Ища ответы он странствовал по её непроницаемому круглому лицу, прежде такому улыбчивому, касался краешком глаза ямочек на её щеках, двух родинок по одной и другой стороне губ, бровей с резким изломом. Ему хотелось, чтобы она думала о его помощи, его предложении остаться в Аргелайне — сначала на неделю, потом и навсегда — и о его предназначении стать властителем Эфилании.
«Она должна восхищаться Нами», подумал магистр. Но не ожидая, пока его божественный разум увязнет в смертной гордыне, возразил самому себе: «Нет… госпожа Алессай никому не должна, и Нам в том числе».

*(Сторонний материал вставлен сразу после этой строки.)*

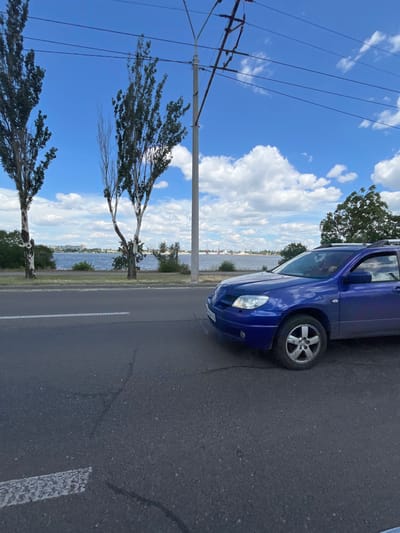 The image shows a blue car parked on the side of a road, with the sea in the background. The sky is blue with white clouds, and there are trees on the left side of the image. The image is taken from a low angle, looking up at the car and the sky.
The car is a hatchback, and it is parked on a paved road. The road has a white line painted on it, indicating a lane. The sea is visible in the background, and there are some buildings on the other side of the sea. The sky is blue with white clouds, and the sun is shining. There are trees on the left side of the image, and they are green and leafy. The image is taken in daylight, and the weather appears to be good.
The image is taken in a coastal area, and it is likely a sunny day. The car is parked on the side of the road, and it is not in use. The sea is calm, and there are some boats in the distance. The trees are green and leafy, and they are providing shade. The sky is blue with white clouds, and the sun is shining. The image is taken in daylight, and the weather appears to be good.
There is no visible text in the image. The image is of a car parked on the side of the road, with the sea in the background. The sky is blue with white clouds, and there are trees on the left side of the image. The image is taken from a low angle, looking up at the car and the sky.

И сию же минуту поднял брови. «Что Мы такое говорим? Зачем?» По телу расходилось сладостное жжение — в нём вопросы тонули, как кораблики в ванне, где младенцем он когда-то купался — и оно соседствовало с необоримым чувством, туманнее которого была, пожалуй, лишь цель провидения, избравшего его.
Магистр приосанился. Выдохнул. Сфокусировался на Божествах, как его учили в школе ораторов… но произошла осечка. Талион ускользнул, Ашергата спряталась, Ласнерри растворился в ветре, несущем пепельные тучи. А Салерио и вовсе не приходил. Тогда подбородок задёргался, как бывало если юный Гай, набив рот камнями, выговаривал стихотворные формы, но быстро уставал и молил ритора «не издеваться». Делая вид, что чешет подбородок, Сцевола слышал назидательный голос ритора Бонифация: «Чем охотнее ты поддаёшься слабости, тем меньше вероятность, что однажды ты станешь великим!»
Было ясно, что слабость подкралась незаметно. Главный обвинитель Амфиктионии беспомощно терял невозмутимость, и ни Божества, ни хорошо заученные уроки не остужали бунтующее тело. И, как водится, за слабостью последовал страх.